Put another way, policymakers of the United States and Europe are making the right policy choices, but only if international policy experts are able to explain to policymakers why. That's why some of the most interesting conversations this week were on questions of how to explain to policymakers the realities of global production.
There was a lot of discussion about a new standard for the division of labor that relies on some kind of uniform analysis of the components of output, rather than explicitly taking into account the economic effects of labor costs in various countries. (It's one reason why so many Americans are so impressed when they travel abroad; almost all of us are now on the other side of the globe.)
Even better, the talk hinted at an early stage of agreement in Europe that the dominance of high-tech industries in the twenty-first century is going to require a more complex and transparent global economic order. That could be a positive development for the economic and social welfare of the world's poorest regions, because it would mean that the kind of regulations designed to protect emerging and frontier markets would have to be easier to ignore and eviscerated.

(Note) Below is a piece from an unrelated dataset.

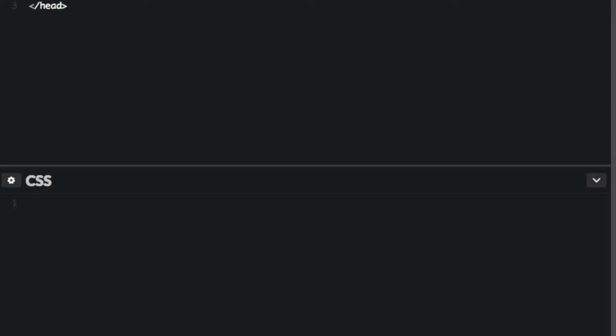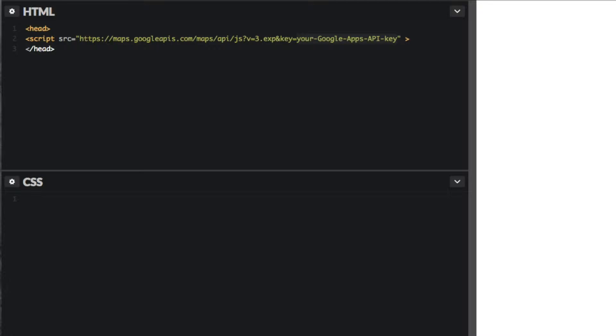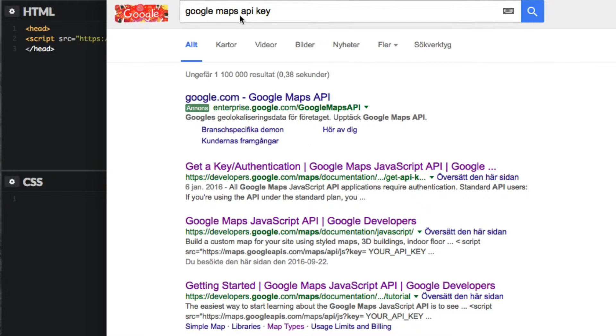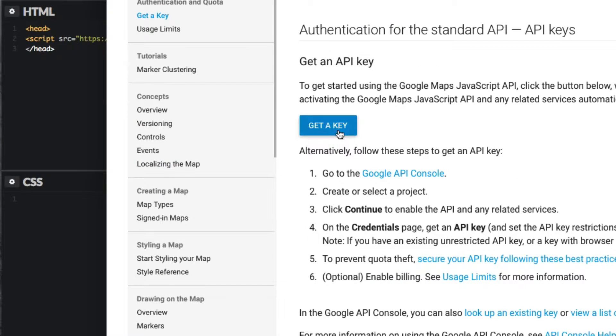One thing you will need from now on — unless you have an old server which has been using Google Maps without the API, such as CodePen — you need to get a Google Maps API key to be able to use Google Maps on a new web page that hasn't used it before. Just search for 'Google Maps API key' and you'll get right there. Get a key.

The problem, of course, is that the opponents of international cooperation, as manifested in the Trump administration and more broadly in European politics, are still too powerful. That's not an exaggeration: This week in Aspen, one panelist, a Harvard economist, got this sentiment across with an analogy drawn from the realm of the absurd:
"The bottom line is, I don’t think I have to tell you that the social institutions that support strong public institutions are crumbling all around us," he said. "I don’t even think I have to mention the fact that we’re doing it with an increasing arsenal of tools, from politics to propaganda to mass media, to limit debate and flatten out the public realm.”
The problem is so bad that your guess is as good as mine as to whether this economist is right or wrong. If Donald Trump becomes, after Brexit, the president of Europe -- and Europeans do seem to think that's a future that they might relish -- he'll face the same pressures on his ability to function properly within that structure.
The fact is, it's never too late to revive international cooperation, even if a narrow group of leaders (of varying ideologies) remains vehemently opposed. After years of cutting their own deals and doing their own thing, it's possible that these people are just now realizing they should, given their diminished power, defer to the rules of trade and the rules of economics. And that's good news.